REBOUND TECHNIQUE: The restoration of the believer’s fellowship with God in time through confession of sin, (1Jn 1:9) and the means of recovery of the filling of the Spirit. (Eph 5:14-18)

TETRAGRAMMATON: A group of four letters JHVH which the Jews substitute for the unutterably holy Name of God in the Hebrew texts. (Vowels added; Jehovah and or Yahweh)

PROPITIATION: The God-ward side of salvation, whereby the essence of God is made compatible to man’s salvation. God the Father was propitiated, (Satisfied) by the work of Jesus Christ, (Reconciliation) on the Cross.

RECONCILIATION: The sum total of all that Christ did on the Cross in removing the Barrier between God and sinful man. God is propitiated; man is reconciled. The man-ward side of the Cross.

REDEMPTION: The purchase of a slave from the slave market of sin and the act of setting him free from the sentence of the Lake of Fire and control of the old sin nature. Jesus Christ paid the ransom by His blood, which represents His Spiritual death on the Cross. (1Pe 1:18-19)
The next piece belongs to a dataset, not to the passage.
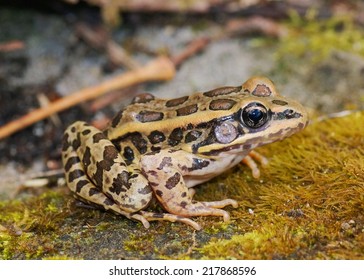 pickerel frog vs leopard frog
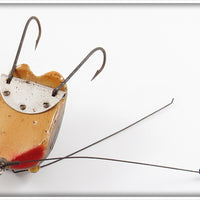 Creek Chub Frog Weed Bug 2819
THEOPHANY: The appearance of Christ in bodily form prior to the Incarnation; viz., the Angel of Jehovah in human form.

SPIRITUAL DEATH: The Divine judgment of Christ, as He bore our sins on the Cross; “... the wages, [Payment] for sin is death.” (Spiritual; Rom 6:23) Of the human race: separation from God in time, {At physical birth] no relationship with Him. (Eph 2:1)

HAMARTIOLOGY: The Doctrine of sin.

STRATEGIC VICTORY OF THE CROSS: Phase One of the strategic victory: the death, burial, resurrection, ascension and session of Jesus Christ as the Victor in the angelic conflict. Phase Two of the strategic victory: the Second Advent, the overthrow of Satan and crowning of the King. The believer is identified with the strategic victory of Phase One through positional Truth at the point of salvation; the believer is identified with the second stage of the strategic victory by reaching Spiritual maturity --- and his return with Christ in a resurrection body. (Rev 17:14)

THE TACTICAL VICTORY in the angelic conflict is the mature Spiritual life, which is the area of the normal function of the royal priesthood.

ANTHROPOPATHISM: Ascribing to God human feelings, passions and thoughts in terms of man’s --- feelings, passions and thoughts. Designed to explain God’s Policies, Thoughts, Acts, Decisions in terms of human language; so that man can have a frame of reference. Hence, language of accommodation to express the Divine Mental Attitude to Homo sapiens in man’s vocabulary and language.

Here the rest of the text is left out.